How is it possible that it took from 1848, when Wisconsin became a
state, to 1982, for Wisconsin courts to determine whether foreclosure judgments
were final orders appealable as of right?
Remember: foreclosure law was a relatively sleepy backwater of the law
for years and years – centuries – before heating up in the first decade of the 21st
century.
Which isn’t to say there was no litigation. Shuput is an early example of the
kinds of litigation that would be spawned 25 years later, as the parties
bickered over the finality of judgments, whether their attorneys were
competent, the delay in the case, and the effect of a stipulation trying to
resolve the case.
Shuput sold the Lauers a liquor business, and the Lauers defaulted on the
purchase. So Shuput sued for
foreclosure, apparently having retained a second lien on the property, and the
Lauers counterclaimed for misrepresentation.
Sounds familiar, right?
Then, the parties entered into a stipulation which had the Lauers waive
their claims while Shuput agreed to reinstate the loan, with a waiver of
further proceedings if there was another default. Sounds familiar-er, doesn’t it?

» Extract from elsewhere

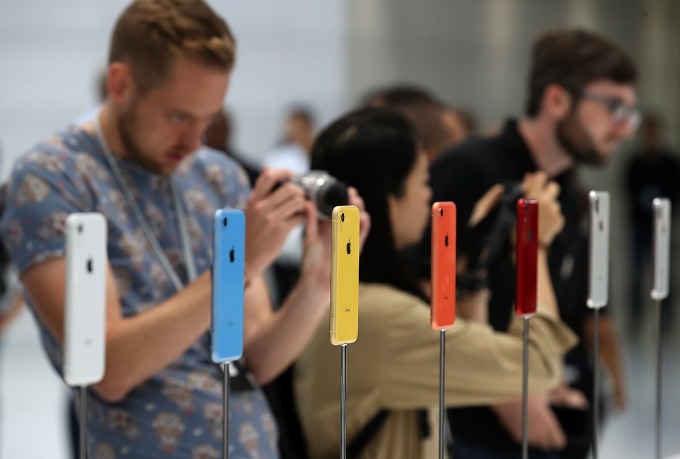 iPhone XR (圖:AFP)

Of course, the Lauers defaulted and Shuput foreclosed and got his
judgment. The Lauers then filed a motion
to reopen but did not otherwise contest the confirmation of the sale, and when
the circuit court denied the motion and confirmed the sale, they appealed, and won
– the Court of Appeals reversed, but the Supreme Court of Wisconsin reversed
again.
The key issue was whether the Shuputs had to file an appeal from the
judgment of foreclosure; holding that the judgment was a final judgment,
the Supreme Court said yes, and noted that after a judgment of
foreclosure, the only thing that remains are ministerial, executory
duties. The court looked to the
historical nature of strict foreclosure, where the judgment transferred
property immediately upon expiration of the redemption period, and held that
appeals from judgments of foreclosure need to be made from that judgment,
no the confirmation of sale.
En route, the Court
also noted that confirmations of sale were the final steps in foreclosures,
with the circuit court retaining its equitable authority until then, and also
made an interesting digression into the law of motions to reopen, noting that the
rule on appealing a motion to reopen is that the motion must present something
that was not before the circuit court prior to the judgment. Here, the Lauers’ motion to reopen argued
excusable neglect based on the failures of their prior lawyer,
misrepresentation, and equitable authority under 806.07(1)(g), Wis. Stats. The Supreme Court found that the latter was
insufficiently explained, and the misrepresentation was presented to the court
prior to judgment, so neither of those were grounds for appeal – and the only
question then was whether the circuit court had erroneously exercised its
discretion in denying a reopening based on prior counsel’s failures. (On that note, the court held the circuit
court was correct – and noted that the court had given the Lauers a chance to
prove their case but that the lawyer had said he couldn’t be ready in two
weeks. The circuit court’s ruling on
that issue is worth reading, and is quoted in the opinion:
"The motion is
denied. You had people come in time and time again, this thing has gone on with
substitute attorneys and criticize prior counsel. You say you're set to come in
here and offer testimony and verify it, I give you a chance to prove it; and
you want to delay. In other words, you're telling me you're not ready....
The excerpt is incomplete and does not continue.